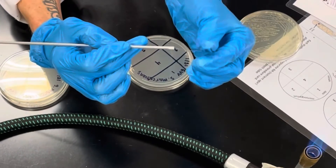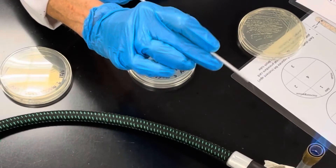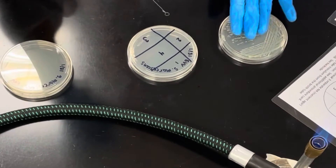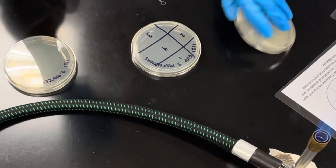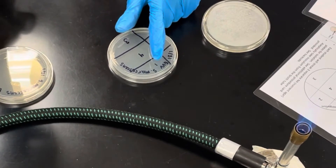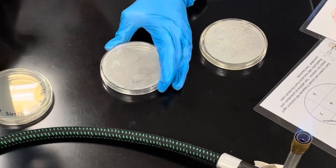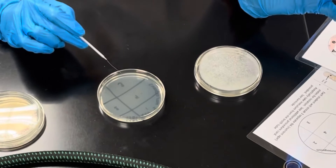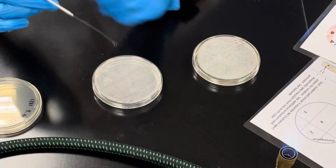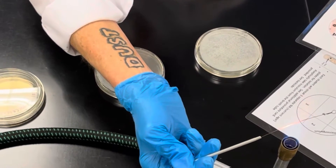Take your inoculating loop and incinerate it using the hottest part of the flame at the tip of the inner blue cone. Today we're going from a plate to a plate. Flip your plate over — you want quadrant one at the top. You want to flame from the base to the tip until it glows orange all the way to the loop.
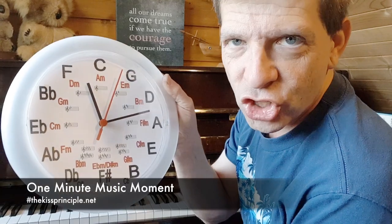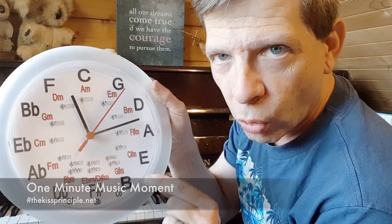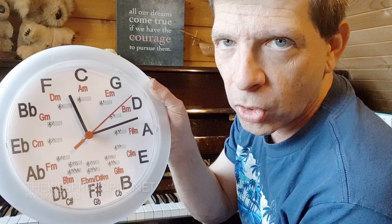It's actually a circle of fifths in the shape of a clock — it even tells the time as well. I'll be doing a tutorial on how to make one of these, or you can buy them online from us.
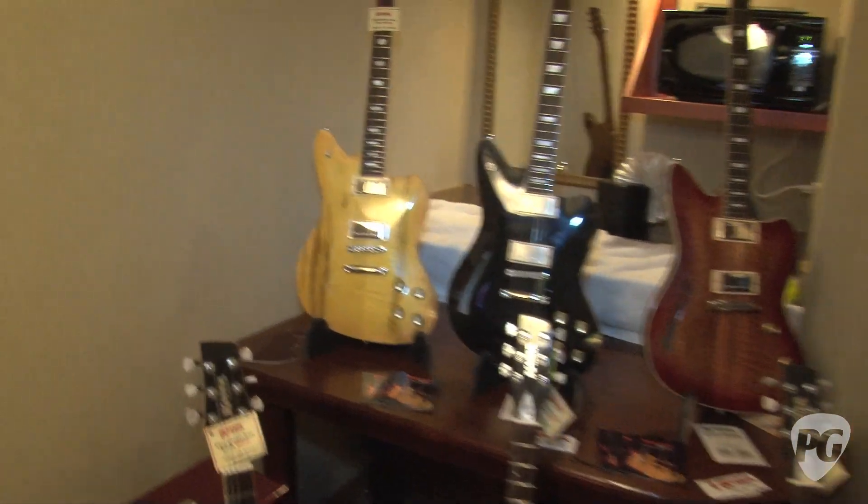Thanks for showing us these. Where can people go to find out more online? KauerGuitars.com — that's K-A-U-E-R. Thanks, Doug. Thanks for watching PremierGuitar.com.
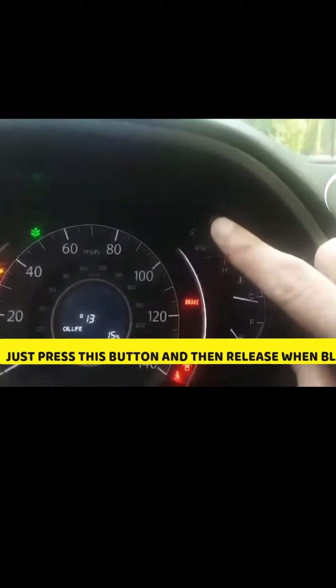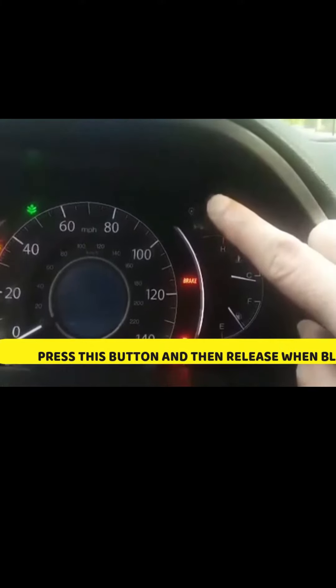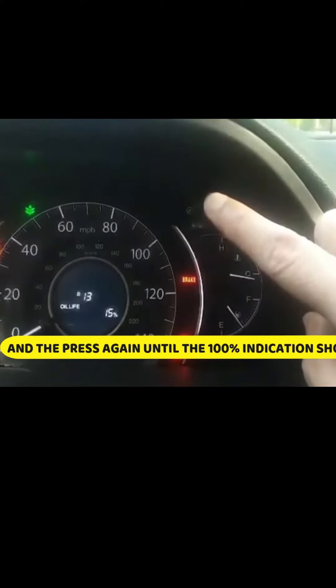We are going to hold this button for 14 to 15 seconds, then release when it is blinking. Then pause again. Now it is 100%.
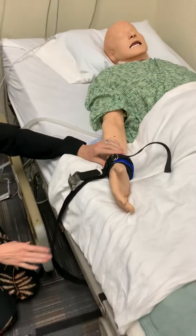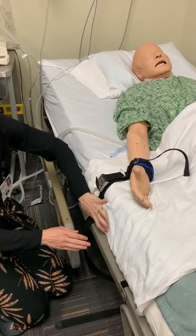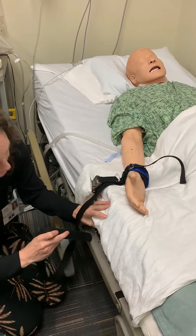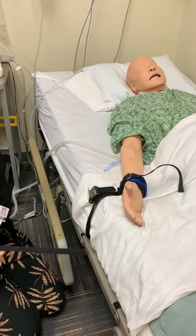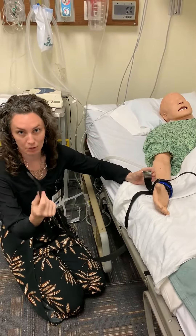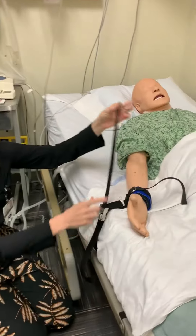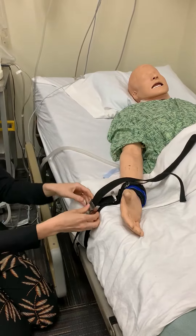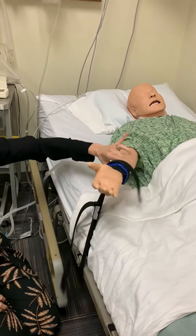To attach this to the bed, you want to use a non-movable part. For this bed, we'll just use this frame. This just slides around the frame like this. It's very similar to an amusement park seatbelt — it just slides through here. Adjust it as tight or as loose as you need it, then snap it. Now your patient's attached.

**Action item:** Each record must be repeated verbatim, and no picture may appear in the copy.

**Solution for this problem:**
Take your inoculating loop and incinerate it using the hottest part of the flame at the tip of the inner blue cone. Today we're going from a plate to a plate. Flip your plate over — you want quadrant one at the top. You want to flame from the base to the tip until it glows orange all the way to the loop.
It's actually a circle of fifths in the shape of a clock — it even tells the time as well. I'll be doing a tutorial on how to make one of these, or you can buy them online from us.
Thanks for showing us these. Where can people go to find out more online? KauerGuitars.com — that's K-A-U-E-R. Thanks, Doug. Thanks for watching PremierGuitar.com.
We are going to hold this button for 14 to 15 seconds, then release when it is blinking. Then pause again. Now it is 100%.
To attach this to the bed, you want to use a non-movable part. For this bed, we'll just use this frame. This just slides around the frame like this. It's very similar to an amusement park seatbelt — it just slides through here. Adjust it as tight or as loose as you need it, then snap it. Now your patient's attached.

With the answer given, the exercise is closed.